Many a metaphorical bomb has been dropped since my last post, all the way back in 2011. Ah, the good old days. That was before my dissertation was a tangible brain-munching shitstorm and existed to me only conceptually, like DisneyWorld Florida - I refuse to believe that's a real place, it's too perfect and simultaneously too appalling. That was before KONY 2012 reared its morally questionable head and then promptly retreated, tail between suspiciously attractive legs. That was before the American presidential race really kicked off, before I knew what 'Santorum' really meant. I advise you google it if you remain in the dark. And speaking of political races - if I really have the gall to call it that - that was before the SUSU elections, the annual churning out of six top notch soon-to-be-graduates who will attempt to handle the wild beast that is 22,000 unruly students. Who would be stupid enough to take on that responsibility, eh? ... I'm guessing that 99% of readers (Harri, Mike Fisher, my Ma) know the punchline, but just in case you have stumbled across this blog by mistake while searching for reviews of Britney Spears' latest album: I would be that stupid. Old muggins over here. The one wearing the daft grin with the ridiculous hair and absurd mole count. And in case anybody was wondering, that album was dire

I'm still in a state of perpetual shock, confusion and incredulousness. Though with a vocabulary that allows for atrocities like "incredulousness", it's no wonder I'm not relying upon my English Literature degree to find me work. Of course I'm terribly chuffed; I actually get to do a job I'll enjoy next year. If I didn't get elected my other option was to head back to Dorsetshire to reclaim my job alongside a dozen fourteen year old girls working in my local Chinese take-away for £4 an hour. You may laugh but that's what got me to university and that's what would have been greeting me on my somewhat dismal return. Forget a street party with a massive paper dragon, I would have been given a packet of prawn crackers and a slap on the arse: it would have been like I'd never left. For that alone, I thank those who voted for me. From the bottom of my chow mein ridden heart. Number 9, £4.80.

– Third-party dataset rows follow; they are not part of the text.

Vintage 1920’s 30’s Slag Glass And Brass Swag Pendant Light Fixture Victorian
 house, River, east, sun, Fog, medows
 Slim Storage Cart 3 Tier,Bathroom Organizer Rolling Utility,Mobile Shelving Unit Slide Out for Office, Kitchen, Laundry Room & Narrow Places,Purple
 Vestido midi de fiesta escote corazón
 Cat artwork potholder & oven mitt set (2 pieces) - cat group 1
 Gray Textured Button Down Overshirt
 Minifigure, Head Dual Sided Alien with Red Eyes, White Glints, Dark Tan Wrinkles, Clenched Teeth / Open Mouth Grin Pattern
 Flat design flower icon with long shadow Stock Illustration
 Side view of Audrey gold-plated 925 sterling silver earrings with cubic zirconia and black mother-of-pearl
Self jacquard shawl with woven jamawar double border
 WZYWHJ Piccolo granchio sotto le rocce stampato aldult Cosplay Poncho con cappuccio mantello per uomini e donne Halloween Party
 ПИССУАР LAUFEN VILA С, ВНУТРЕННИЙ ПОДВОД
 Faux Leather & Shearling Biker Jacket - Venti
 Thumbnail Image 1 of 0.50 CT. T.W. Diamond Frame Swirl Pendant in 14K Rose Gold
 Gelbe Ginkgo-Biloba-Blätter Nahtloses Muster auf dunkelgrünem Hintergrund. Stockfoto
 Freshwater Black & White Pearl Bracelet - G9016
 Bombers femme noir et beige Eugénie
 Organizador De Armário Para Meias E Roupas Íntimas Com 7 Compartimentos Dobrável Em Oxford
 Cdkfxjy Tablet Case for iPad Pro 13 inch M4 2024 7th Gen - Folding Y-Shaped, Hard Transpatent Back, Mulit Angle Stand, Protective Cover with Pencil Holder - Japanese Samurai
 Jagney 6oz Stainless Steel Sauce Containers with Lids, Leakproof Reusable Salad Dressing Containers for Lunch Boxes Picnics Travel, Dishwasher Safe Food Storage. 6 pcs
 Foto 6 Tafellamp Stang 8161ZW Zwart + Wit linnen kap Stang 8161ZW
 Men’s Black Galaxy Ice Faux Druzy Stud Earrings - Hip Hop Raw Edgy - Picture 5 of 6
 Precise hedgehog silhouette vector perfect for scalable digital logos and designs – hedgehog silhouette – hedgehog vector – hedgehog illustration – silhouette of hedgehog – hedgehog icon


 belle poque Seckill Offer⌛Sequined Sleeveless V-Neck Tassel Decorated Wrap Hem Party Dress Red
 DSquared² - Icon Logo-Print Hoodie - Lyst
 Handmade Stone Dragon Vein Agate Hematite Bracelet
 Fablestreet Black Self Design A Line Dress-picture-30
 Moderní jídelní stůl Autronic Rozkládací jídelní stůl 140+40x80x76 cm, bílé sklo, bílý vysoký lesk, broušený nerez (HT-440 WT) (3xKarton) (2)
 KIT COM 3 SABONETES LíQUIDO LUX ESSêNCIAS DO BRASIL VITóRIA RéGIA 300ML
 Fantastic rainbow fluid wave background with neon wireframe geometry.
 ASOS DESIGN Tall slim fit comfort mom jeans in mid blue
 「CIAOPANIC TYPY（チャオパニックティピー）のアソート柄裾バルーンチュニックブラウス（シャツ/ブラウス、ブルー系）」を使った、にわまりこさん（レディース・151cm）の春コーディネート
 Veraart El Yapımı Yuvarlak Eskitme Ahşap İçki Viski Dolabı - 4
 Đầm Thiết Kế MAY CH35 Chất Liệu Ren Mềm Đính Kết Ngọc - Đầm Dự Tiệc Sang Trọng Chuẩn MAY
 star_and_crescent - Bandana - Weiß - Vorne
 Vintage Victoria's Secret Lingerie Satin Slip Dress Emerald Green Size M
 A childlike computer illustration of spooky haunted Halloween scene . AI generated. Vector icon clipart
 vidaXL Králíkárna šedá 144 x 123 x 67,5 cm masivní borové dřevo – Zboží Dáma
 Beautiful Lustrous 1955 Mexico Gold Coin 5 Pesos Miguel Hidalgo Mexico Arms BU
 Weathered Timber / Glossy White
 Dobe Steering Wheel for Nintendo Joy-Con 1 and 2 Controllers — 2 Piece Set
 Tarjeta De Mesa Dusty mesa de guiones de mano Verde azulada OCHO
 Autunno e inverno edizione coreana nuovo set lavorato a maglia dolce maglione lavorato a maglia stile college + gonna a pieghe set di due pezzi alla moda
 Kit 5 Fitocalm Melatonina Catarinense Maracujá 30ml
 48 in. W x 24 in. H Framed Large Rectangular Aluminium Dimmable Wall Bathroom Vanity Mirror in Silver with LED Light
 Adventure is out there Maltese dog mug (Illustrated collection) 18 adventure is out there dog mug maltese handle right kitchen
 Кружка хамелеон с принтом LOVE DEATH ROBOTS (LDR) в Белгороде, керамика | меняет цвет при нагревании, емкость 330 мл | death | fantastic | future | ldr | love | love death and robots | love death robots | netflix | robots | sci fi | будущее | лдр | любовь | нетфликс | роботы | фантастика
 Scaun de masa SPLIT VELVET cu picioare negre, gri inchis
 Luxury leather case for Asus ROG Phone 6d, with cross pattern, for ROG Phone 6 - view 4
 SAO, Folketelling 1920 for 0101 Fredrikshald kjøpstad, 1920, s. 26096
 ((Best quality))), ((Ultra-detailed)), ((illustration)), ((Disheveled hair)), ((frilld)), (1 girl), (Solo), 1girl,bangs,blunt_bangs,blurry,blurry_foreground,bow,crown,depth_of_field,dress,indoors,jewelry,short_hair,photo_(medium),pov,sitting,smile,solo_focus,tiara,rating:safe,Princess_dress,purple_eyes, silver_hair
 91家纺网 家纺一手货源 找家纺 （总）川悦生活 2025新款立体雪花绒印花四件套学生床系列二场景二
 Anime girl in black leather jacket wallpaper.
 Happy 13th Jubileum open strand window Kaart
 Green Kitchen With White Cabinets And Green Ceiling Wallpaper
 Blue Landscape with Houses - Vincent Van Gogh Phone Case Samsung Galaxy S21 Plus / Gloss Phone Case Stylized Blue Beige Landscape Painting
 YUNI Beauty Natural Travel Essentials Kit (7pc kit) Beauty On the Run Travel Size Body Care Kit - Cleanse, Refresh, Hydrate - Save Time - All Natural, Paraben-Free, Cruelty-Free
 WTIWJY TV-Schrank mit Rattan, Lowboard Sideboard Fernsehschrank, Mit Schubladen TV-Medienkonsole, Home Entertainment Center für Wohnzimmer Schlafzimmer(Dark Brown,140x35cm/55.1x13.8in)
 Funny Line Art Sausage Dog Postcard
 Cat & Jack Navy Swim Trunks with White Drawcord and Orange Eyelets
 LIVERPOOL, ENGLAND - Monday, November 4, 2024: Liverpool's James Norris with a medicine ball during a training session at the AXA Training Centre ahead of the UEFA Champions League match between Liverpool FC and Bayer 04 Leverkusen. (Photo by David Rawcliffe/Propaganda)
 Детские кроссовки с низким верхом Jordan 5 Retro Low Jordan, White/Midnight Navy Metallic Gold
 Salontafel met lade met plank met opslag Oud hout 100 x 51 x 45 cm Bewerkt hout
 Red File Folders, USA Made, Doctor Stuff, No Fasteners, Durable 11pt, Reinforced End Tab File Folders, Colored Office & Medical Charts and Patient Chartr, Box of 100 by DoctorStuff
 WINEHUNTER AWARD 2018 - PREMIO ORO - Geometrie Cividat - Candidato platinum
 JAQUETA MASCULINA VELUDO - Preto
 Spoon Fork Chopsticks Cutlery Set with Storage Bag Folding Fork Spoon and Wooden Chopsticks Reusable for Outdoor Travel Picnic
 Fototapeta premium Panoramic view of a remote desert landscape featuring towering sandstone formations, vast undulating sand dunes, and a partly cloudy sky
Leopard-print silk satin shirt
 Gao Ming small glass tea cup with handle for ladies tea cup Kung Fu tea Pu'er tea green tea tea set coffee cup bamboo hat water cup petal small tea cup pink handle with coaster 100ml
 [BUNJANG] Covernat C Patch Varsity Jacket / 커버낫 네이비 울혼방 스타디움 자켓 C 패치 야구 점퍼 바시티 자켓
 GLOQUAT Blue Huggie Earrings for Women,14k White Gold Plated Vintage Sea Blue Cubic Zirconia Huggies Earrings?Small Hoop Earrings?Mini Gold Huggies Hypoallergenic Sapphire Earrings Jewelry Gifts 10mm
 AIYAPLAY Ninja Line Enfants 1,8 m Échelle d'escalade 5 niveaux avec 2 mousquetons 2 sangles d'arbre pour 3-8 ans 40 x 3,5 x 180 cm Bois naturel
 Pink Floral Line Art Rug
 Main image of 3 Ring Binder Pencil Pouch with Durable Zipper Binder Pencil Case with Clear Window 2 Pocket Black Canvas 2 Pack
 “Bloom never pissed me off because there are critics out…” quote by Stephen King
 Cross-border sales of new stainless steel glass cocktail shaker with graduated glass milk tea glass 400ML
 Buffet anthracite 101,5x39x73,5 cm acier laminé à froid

But seriously, I'm not quite sure how this has happened. When I retrace my footsteps, I can only feel like some mistake has been made. Year one was spent being praised and condemned - in equal measure, I may add - for my rather unprepared and inarticulate run-in with PM-to-be DC; off to a good start with the liberal voters but despised by the majority of Southampton students. Go figure. Year two was full of KitKat bashing and feminist ranting; my potential voters must have been quartered, the haters thoroughly and justifiably now running amok with scorn. Year three was quiet, I was biding my time, behaving myself and now this? What madness. I have no idea how a hairy-legged socialist feminist with a penchant for ethical tirades and ovaries has won what is essentially a popularity contest. I feel like that day was a good day: for me, for feminism and for the world I hope to one day live in. There is hope for us yet. The apathetic masses - and various others - will disagree I'm sure but the voters have spoken. Cue Chandler's victory dance.

Life goes on: books need a'reading, essays need a'writing, gay porn needs a'watching. All for academic purposes, of course. Currently Arundhati Roy's The God of Small Things is keeping me up well into the wee hours, that and the thought of the representation of queer identity in AIDS narratives from 1988-1995 ... It's a long story.